Friday, October 29, 2010

Marriage homily

Today you begin a new journey of love. Realize that marriage celebrates what is new. God has revealed himself to you in Jesus Christ, I pray that he continues to be with you both in every day of your marriage. Love calls out to you to follow. Nobody is abandoned who God loves and chooses. Release your hold on your old life. By turning to the Lord with all your heart and all your mind, you obey his great commandment to love him and to love one another.
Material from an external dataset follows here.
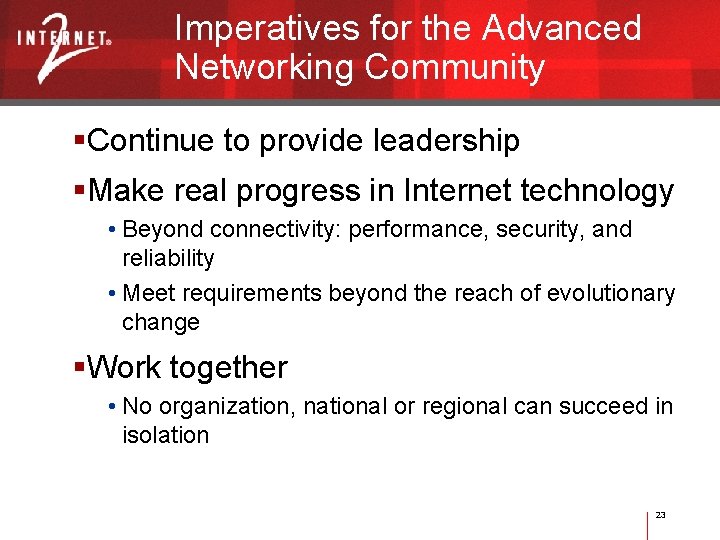 Imperatives for the Advanced Networking Community Continue to provide leadership Make real progress in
These are noble thoughts indeed. You have chosen this Gospel today, in which Christ invites you to recognize love as the greatest commandment. The commandment closest to the heart of God is not a prohibition, but an invitation and a gift. Love the Lord your God with all your heart and all your soul and all your mind. Jesus would not have to remind us of this if it weren’t for the fact that we often do not love him with all of our heart, and our soul and our mind. In mind alone, we wander from the pure intention to thank and love God hundreds of times a day. The totality of this commandment is what makes it so great. This, by the way, is what makes our faith so full of hope and life. While he reminds us of our frequent diversions, Jesus also compels us by his very life to believe that all moments of our lives swell with the majesty of the divine. God is present in an undying way, living in the midst of you.

This Gospel reading is truly valuable for the sacrament of marriage. As a Gospel in miniature, you can turn to this proclamation frequently for inspiration and daily help. Love the Lord your God with all your being. Pray this Gospel often during your day. Plant the desire to love God with everything you have as a cornerstone in your lives. By doing this, you will never lack for inspiration. This commandment is great because it truly represents Jesus himself. Christ, while being divine, enjoyed a complete human nature. He had a full human body, soul, heart and mind. With these, Christ gave perfect witness to the human sense of the divine love that the Father and Son share in heaven. God’s own love is manifested in the life of Jesus Christ and all those whom he calls to live in him.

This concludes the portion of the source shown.